She came right up and spoke to him—the pariah—the abhorred of many! His heart gave a thump and he could feel its hammering as his glowing eyes met the beautiful icy ones.
“How did you get rid of him?” he breathed hoarsely.
“Him?” said Miss Gwendoline Gerald, in a tone whose stillness should have warned Bob.
“That sledge-hammer man? That weight-putter? That Olympian village blacksmith, I mean? The fellow with the open honest face?”

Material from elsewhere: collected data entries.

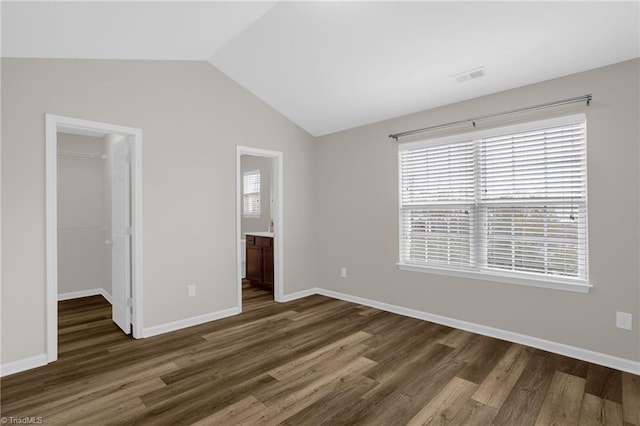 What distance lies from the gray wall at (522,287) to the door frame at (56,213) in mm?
2560

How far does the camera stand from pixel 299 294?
4.80m

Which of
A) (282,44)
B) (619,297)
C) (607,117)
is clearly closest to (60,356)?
(282,44)

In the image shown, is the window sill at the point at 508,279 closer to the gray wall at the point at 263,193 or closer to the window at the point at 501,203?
the window at the point at 501,203

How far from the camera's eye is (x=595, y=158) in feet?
8.84

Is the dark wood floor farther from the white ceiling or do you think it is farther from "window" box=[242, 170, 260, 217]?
"window" box=[242, 170, 260, 217]

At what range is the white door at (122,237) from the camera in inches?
132

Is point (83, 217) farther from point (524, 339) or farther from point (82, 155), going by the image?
point (524, 339)

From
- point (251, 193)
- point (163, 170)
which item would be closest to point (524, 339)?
point (163, 170)

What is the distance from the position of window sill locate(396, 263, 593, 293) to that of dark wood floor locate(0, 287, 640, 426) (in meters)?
0.59

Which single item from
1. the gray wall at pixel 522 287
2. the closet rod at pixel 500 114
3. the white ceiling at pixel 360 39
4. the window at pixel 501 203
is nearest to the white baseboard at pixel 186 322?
the gray wall at pixel 522 287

“I don’t believe I understand,” observed the young lady, straight and proud as a wonderful princess in the moonlight. Bob gazed at her in rapture. Talk about the shoulders of that girl who had given him the cold shoulder at the dinner-table!—Miss Gwendoline’s shoulders were a thousand times superior; they would cause any sculptor to rave. Their plastic beauty was that of the purest marble in that pure light. And that pure, perfect face, likewise bathed in the celestial flood of light—until now, never had he quite realized what he had lost, in losing her.
“But never mind about explaining,” went on the vision, apropos of Bob’s Olympian, village-blacksmith remark. “I didn’t come to discuss generalities.”
“Of course not,” assented Bob eagerly.
The music from the house now sounded suspiciously like a trot. Miss Gerald saw, though indistinctly, a face look out of the door. It might have been the little dark thing peering around for Bob, for she was quite capable of doing that. Bob didn’t notice her—if it were she. He had eyes for but one. He was worshiping in that distant, eager, hungry, lost-soul kind of a way. Miss Gerald’s glance returned to Bob.
“Will you be so good as to take a turn or two about the garden with me?” she said in a calm, if hard and matter-of-fact tone. A number of people were now approaching from the other end of the broad, partially-enclosed space and Miss Gerald had observed them.